Question

情景：

10.000.000记录/天

记录：访问者，访问日，集群（我们在哪里看到它），元数据

我们希望了解这些信息：

针对给定日期范围的一个或多个群集上的唯一身份访问者。
白天独立访客
为给定范围（平台，浏览器等）分组元数据

我坚持使用的模型是为了轻松查询这些信息：

{
   VisitorId:1, 
ClusterVisit: [
                {clusterId:1, dates:[date1, date2]},
                {clusterId:2, dates:[date1, date3]}
              ]
}

索引：

by VisitorId（确保唯一性）
通过ClusterVisit.ClusterId-ClusterVisit.dates（用于搜索）
by IdUser-ClusterVisit.IdCluster（用于更新）

我还必须将群组分成不同的集合，以便更有效地访问数据。

导入：首先，我们搜索VisitorId - ClusterId的组合，然后我们添加日期。

第二：如果第一个不匹配，我们upsert：

    $addToSet: {VisitorId:1, 
        ClusterVisit: [{clusterId:1, dates:[date1]}]
    }

如果clusterId不存在或者如果VisitorId不存在，则使用第一次和第二次导入。

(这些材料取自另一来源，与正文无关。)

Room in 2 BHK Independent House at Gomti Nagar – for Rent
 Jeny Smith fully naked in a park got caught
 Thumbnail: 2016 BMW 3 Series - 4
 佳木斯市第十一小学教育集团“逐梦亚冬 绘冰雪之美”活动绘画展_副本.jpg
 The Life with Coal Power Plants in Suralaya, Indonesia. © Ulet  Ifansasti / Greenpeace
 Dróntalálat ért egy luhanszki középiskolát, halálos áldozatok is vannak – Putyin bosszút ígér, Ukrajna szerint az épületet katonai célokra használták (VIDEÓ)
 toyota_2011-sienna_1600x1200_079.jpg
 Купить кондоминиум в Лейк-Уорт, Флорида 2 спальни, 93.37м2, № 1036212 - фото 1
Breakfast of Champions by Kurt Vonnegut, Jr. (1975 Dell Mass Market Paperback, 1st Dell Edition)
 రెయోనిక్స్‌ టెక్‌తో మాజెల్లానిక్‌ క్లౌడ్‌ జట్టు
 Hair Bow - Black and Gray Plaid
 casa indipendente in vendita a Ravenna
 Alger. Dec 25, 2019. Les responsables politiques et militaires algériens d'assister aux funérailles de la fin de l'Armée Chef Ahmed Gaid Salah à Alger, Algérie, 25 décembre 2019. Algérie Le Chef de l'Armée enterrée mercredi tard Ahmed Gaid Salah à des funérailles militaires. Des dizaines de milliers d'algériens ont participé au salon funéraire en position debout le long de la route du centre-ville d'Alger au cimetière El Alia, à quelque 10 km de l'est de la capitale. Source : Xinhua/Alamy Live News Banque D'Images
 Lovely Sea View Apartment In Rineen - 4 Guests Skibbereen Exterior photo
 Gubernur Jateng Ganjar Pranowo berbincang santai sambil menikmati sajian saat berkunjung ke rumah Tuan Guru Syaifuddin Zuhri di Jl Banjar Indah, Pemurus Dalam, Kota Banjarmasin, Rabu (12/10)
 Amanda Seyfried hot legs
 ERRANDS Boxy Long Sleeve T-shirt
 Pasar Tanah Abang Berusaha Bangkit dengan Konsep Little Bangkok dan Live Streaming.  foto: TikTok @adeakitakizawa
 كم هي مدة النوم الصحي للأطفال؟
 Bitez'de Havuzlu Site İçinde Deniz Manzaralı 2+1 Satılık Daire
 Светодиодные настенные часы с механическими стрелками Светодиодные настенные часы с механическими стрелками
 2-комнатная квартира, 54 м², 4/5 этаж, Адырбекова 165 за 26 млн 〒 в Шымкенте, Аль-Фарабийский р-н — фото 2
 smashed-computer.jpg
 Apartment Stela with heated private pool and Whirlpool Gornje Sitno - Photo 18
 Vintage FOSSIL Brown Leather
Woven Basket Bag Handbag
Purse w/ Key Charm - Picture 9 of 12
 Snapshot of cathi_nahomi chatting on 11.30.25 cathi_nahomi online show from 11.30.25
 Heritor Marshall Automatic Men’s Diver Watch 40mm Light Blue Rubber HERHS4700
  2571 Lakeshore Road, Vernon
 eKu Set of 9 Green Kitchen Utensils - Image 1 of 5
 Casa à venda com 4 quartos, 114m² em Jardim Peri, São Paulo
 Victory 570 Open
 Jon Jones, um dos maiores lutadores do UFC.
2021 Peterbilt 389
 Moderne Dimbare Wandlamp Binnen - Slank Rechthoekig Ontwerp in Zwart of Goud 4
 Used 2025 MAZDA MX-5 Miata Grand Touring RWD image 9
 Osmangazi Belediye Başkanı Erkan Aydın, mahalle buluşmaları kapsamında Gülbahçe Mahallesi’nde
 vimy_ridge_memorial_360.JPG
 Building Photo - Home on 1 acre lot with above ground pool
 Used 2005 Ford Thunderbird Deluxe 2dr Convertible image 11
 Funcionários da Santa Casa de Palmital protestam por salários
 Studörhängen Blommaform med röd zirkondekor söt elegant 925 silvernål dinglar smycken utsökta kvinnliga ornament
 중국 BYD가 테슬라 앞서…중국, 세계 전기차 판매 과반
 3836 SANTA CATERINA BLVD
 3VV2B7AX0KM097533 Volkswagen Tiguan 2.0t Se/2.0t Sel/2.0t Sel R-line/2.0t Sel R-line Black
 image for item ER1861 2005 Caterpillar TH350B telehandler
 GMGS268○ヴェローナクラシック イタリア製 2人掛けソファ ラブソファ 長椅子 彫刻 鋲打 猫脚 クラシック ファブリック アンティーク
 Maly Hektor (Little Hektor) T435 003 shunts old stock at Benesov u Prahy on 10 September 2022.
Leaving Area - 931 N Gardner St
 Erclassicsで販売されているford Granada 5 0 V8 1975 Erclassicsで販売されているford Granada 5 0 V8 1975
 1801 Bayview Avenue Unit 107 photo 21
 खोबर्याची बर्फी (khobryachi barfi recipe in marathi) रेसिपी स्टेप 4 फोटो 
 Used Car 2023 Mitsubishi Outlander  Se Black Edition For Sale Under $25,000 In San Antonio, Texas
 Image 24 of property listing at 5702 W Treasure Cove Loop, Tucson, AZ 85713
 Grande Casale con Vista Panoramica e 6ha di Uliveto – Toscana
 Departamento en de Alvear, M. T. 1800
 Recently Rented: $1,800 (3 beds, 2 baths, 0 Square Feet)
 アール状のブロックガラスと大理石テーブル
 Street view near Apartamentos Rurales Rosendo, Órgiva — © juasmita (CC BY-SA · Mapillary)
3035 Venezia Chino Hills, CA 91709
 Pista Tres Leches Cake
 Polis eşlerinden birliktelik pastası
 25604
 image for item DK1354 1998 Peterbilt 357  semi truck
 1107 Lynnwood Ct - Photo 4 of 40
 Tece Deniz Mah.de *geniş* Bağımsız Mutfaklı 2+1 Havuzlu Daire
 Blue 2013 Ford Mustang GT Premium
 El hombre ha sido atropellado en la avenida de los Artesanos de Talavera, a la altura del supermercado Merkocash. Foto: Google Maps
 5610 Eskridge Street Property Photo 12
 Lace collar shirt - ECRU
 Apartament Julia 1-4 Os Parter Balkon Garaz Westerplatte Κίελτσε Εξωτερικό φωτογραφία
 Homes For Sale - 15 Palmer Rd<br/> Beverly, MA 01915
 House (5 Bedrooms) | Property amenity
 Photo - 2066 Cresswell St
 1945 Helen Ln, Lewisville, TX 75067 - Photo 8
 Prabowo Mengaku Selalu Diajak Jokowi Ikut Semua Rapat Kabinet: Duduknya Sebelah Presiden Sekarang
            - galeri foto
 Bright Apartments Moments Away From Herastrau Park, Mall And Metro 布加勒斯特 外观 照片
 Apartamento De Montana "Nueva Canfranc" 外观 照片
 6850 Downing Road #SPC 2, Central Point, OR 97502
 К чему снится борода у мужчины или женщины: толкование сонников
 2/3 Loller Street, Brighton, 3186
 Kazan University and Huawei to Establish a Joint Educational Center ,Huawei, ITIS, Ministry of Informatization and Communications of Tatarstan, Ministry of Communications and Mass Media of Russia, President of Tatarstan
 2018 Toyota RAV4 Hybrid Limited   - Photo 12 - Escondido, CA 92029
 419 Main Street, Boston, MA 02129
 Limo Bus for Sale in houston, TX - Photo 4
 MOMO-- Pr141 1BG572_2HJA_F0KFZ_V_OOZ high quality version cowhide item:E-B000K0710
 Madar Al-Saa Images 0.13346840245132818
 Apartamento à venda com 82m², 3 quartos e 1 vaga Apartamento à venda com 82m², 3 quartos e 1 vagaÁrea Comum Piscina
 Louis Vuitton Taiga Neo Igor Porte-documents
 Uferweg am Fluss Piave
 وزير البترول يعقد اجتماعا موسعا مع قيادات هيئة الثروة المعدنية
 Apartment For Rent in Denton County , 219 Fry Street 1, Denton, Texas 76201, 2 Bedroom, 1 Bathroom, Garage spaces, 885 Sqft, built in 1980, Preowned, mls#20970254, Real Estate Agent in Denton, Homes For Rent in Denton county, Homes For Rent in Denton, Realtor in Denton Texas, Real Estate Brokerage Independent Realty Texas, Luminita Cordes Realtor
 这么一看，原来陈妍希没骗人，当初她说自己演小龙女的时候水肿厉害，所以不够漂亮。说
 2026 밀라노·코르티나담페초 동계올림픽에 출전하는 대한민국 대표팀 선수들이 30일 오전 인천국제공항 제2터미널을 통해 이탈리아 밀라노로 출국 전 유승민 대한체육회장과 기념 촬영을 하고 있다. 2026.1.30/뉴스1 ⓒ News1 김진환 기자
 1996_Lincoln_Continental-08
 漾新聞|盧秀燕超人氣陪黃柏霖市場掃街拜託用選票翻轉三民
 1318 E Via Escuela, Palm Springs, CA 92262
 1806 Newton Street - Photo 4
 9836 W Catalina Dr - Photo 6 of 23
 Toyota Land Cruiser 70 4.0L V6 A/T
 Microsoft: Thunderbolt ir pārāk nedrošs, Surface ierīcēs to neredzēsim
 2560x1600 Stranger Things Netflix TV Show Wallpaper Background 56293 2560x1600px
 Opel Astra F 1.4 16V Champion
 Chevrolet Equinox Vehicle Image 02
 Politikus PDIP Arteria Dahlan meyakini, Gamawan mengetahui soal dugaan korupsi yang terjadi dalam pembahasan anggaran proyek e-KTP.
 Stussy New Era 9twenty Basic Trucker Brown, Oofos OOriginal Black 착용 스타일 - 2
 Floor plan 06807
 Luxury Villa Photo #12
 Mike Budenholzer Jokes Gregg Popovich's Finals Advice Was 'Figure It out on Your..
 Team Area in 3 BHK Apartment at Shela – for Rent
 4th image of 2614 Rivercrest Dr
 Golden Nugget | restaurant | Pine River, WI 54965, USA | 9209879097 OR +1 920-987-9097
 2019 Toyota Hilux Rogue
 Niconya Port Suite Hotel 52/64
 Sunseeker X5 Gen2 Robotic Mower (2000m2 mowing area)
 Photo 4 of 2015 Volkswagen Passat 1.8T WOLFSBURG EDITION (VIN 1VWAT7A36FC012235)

问题：当集合增长时，更新/插入/ upsert完全低效（几乎不可能），我想因为添加新日期时文档大小变大。很难维护（主要是未设置日期）

我有一个超过50.000.000的集合，我不能再成长了。它只更新100个记录/秒。

我认为我使用的模型不是最适合这种信息的。你认为最好的是获得更多的upsert / sec并快速查询信息，然后我会在我学习并对它充满信心的情况下花费更多时间进行分片。

我在AWS上有一个x1.large实例具有10个磁盘的RAID 10

Answer 1

大型集合上的数组很昂贵：mapreduce，aggregate ...

试试.explain（）： MongoDB 'count()' is very slow. How do we refine/work around with it?

为索引添加显式提示： Simple MongoDB query very slow although index is set

完整堆？： Insert performance of node-mongodb-native

收集的内存空间结束： How to improve performance of update() and save() in MongoDB?

特殊读取群集： http://www.colinhowe.co.uk/2011/02/23/mongodb-performance-for-data-bigger-than-memor/

全局写锁？： mongodb bad performance

慢速日志性能跟踪： Track MongoDB performance?

旋转日志： Does logging output to an output file affect mongoDB performance?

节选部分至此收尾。